Task to complete: Using the listing below, give again exactly the lines from the line with "Reefs to boost" to the line with "Pomidor Pegaso 5000 nasion", inclusive, without the pictures.

Data extract:
--
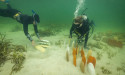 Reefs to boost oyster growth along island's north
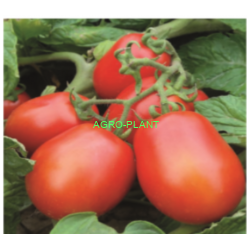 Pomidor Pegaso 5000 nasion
--
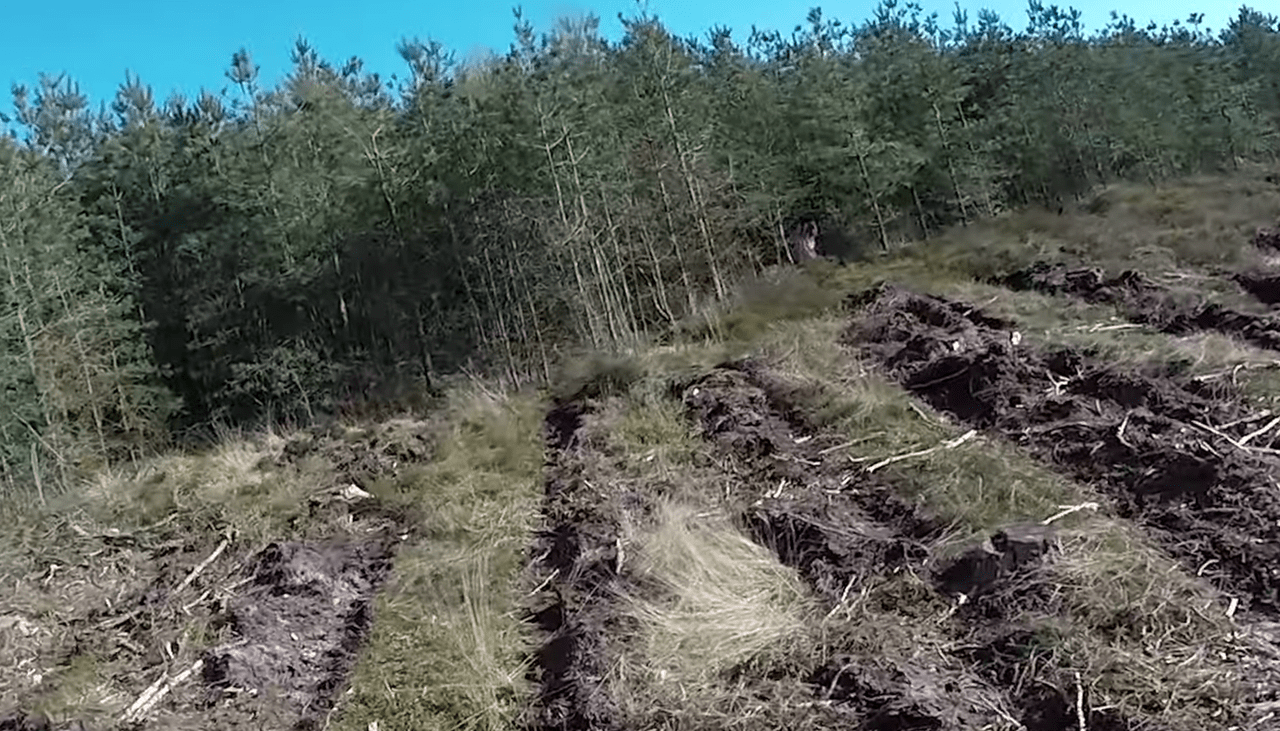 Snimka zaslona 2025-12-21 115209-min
--
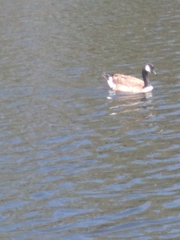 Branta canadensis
--
Answer section:
 Reefs to boost oyster growth along island's north
 Pomidor Pegaso 5000 nasion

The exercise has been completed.